This course is concerned with the electrical technologies that underpin the sources of renewable electricity that make a significant contribution to overall electrical power generation: large-scale wind power; solar PV; hydroelectricity. The theory and operation of these technologies will be explained, with a focus on the electrical aspects. The course will also provide an introduction to some of the enabling technologies that facilitate the connection of renewable electricity sources into the existing 3 phase grid, such as power electronic converters and energy storage equipment. The implications of increasing the proportion of renewable electricity on the operation of the grid will be outlined, as will the economics of renewable energy systems. The effect of Government policy on the uptake of renewable electricity projects will also be briefly considered.

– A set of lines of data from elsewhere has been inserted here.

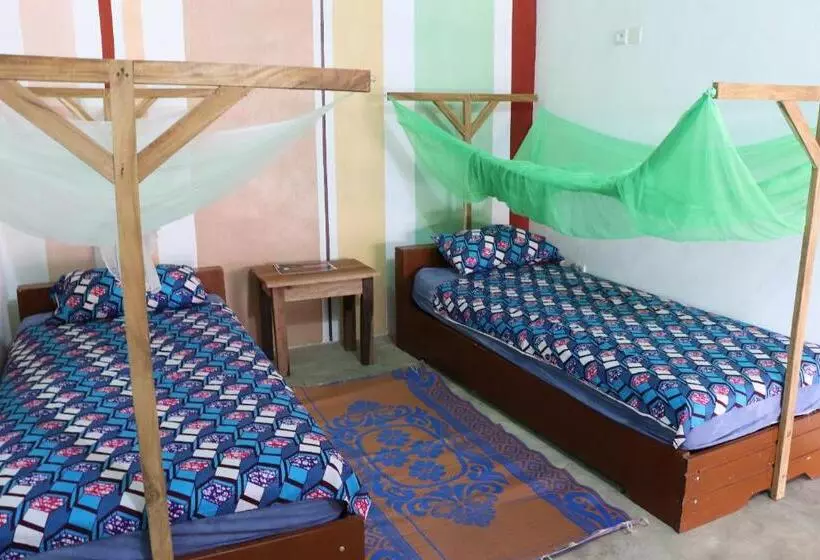 هاستل Cdac Elijah   Espace Culturel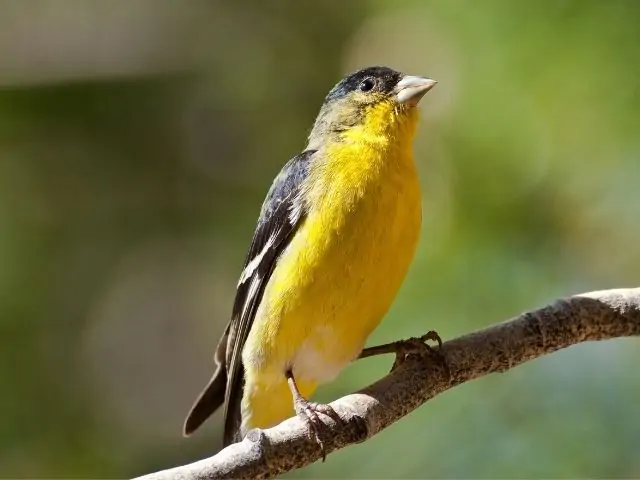 Lesser Goldfinch looking up a tree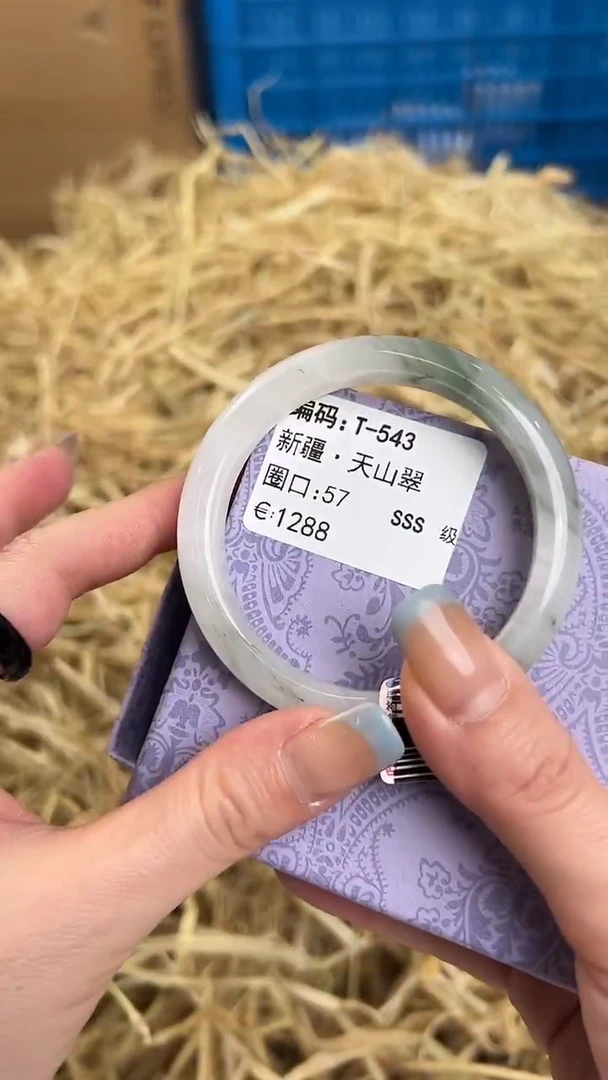 未镶嵌手镯石英质玉T-543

Background to renewable energy (1L, Dr S. Goetz)

• Definition, context and arguments for renewable electrical energy. 
• Sources of renewable electrical power: hydroelectricity; tidal barrages; wave power; tidal motion; large and small-scale wind power; biomass; solar PV.
• Planning and regulatory issues.

Large-scale wind power (4L, Dr S. Goetz)

• Characteristics of wind energy; theoretical power available from the wind (Betz limit and tip-speed ratio); types of wind turbine; control of wind turbines; use of gearboxes; the arguments for fixed and variable speed wind power; options for generator technology.
• Induction generators for large-scale wind power: extension of induction motor theory to generators; generator torque-slip characteristic; speed control by rotor resistance; speed control by slip energy recovery; theory of doubly-fed induction generators; control of reactive power.
• Arguments for offshore wind power, advantages and disadvantages; permanent magnet generators for offshore wind power, theory of permanent magnet generators; connection of offshore wind power into the grid; need for DC links for far-offshore generation.

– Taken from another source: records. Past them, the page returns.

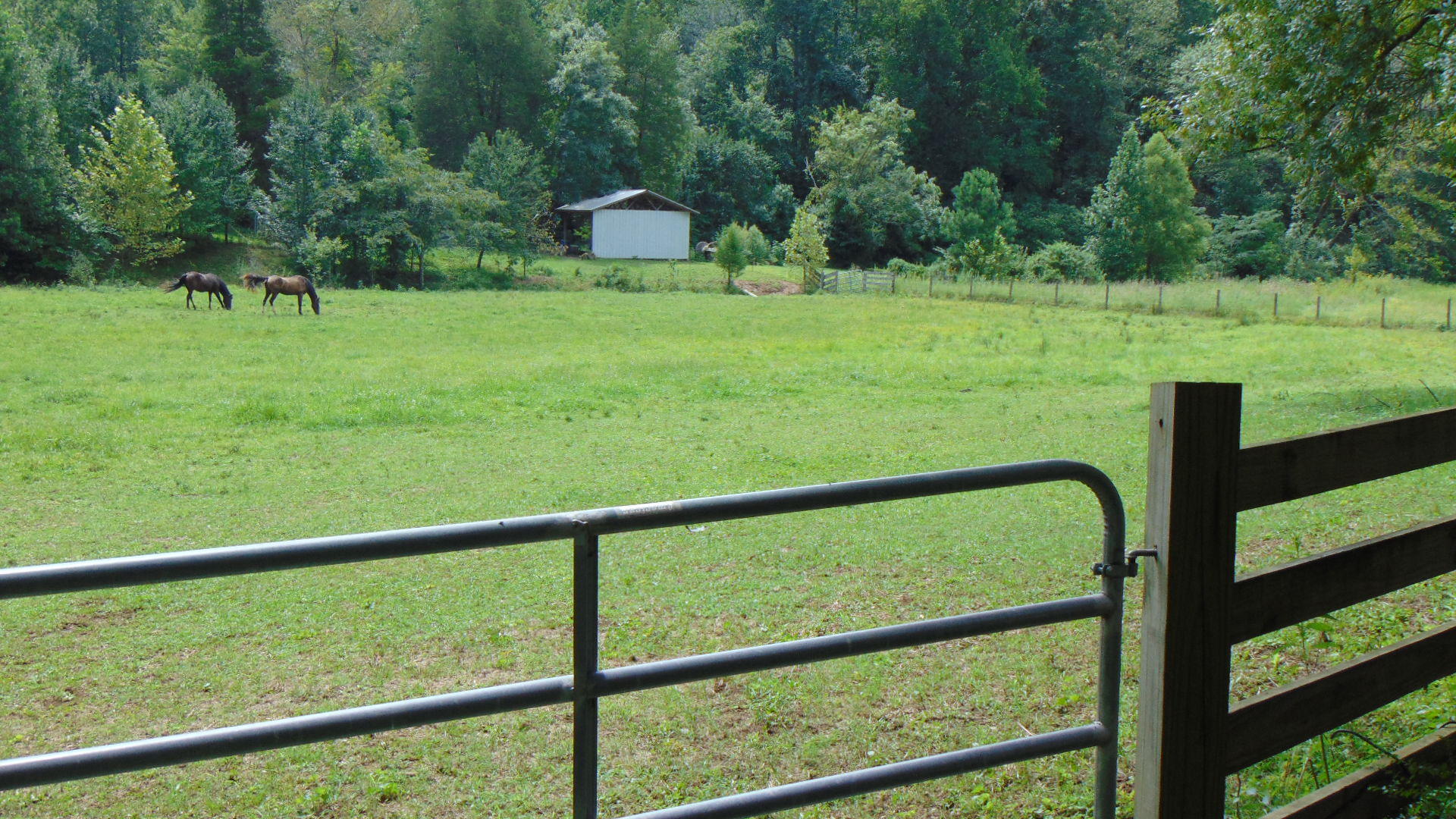 1356 Sim Goodwin Road McDonald, TN 37353 - Photo 36 of 36 015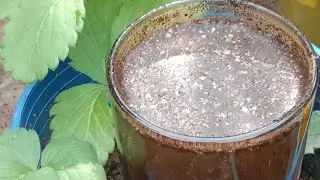 ACHHI GROTH,🌱KE  LIYA🍓STRAWBERRY PLANTS NEES 🤗EXTRA ENERGY😃 DRINK #gardening #strawberry #trending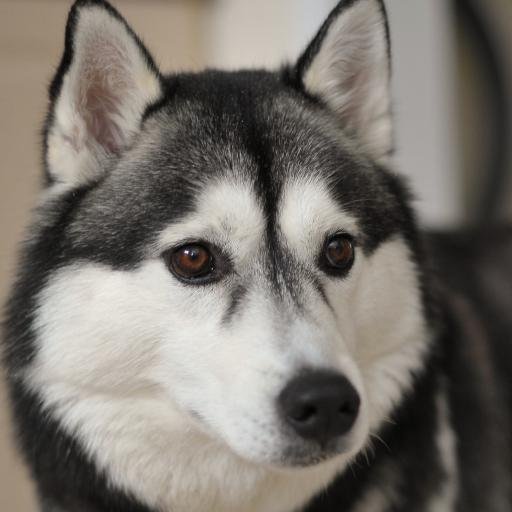 huskytravels's profile picture. A Lego fanatic with a love of dinosaurs, Siberian Huskies, and worldly adventures.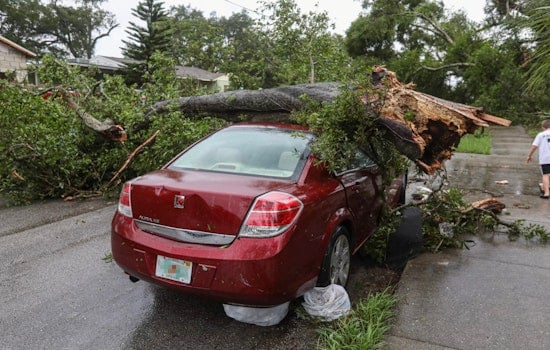 Bronx Tree Topples Onto Two Cars, Sends Two To Hospital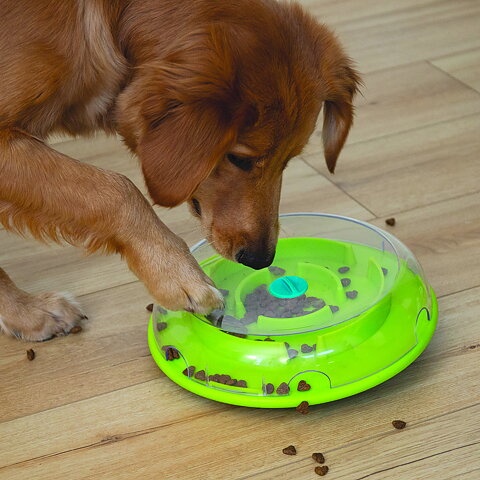 WOBBLE BOWL - SLOW FEEDER & DOG PUZZLE IN ONE - Nina ...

Introduction to hydroelectric and tidal barrage schemes (1L, Dr S. Goetz)

• Quantifying the energy available from hydro and tidal barrage schemes.
• Role within electrical supply system – constant power vs pumped storage operation.
• Turbine design – influence of head of water.
• Salient pole synchronous generators – theory and calculations.

Solar photovoltaics and power electronics for renewables (8L, Prof. H. J. Joyce)

• The sun as a source of energy
• Semiconductor fundamentals and the p-n junction (3B5 revision)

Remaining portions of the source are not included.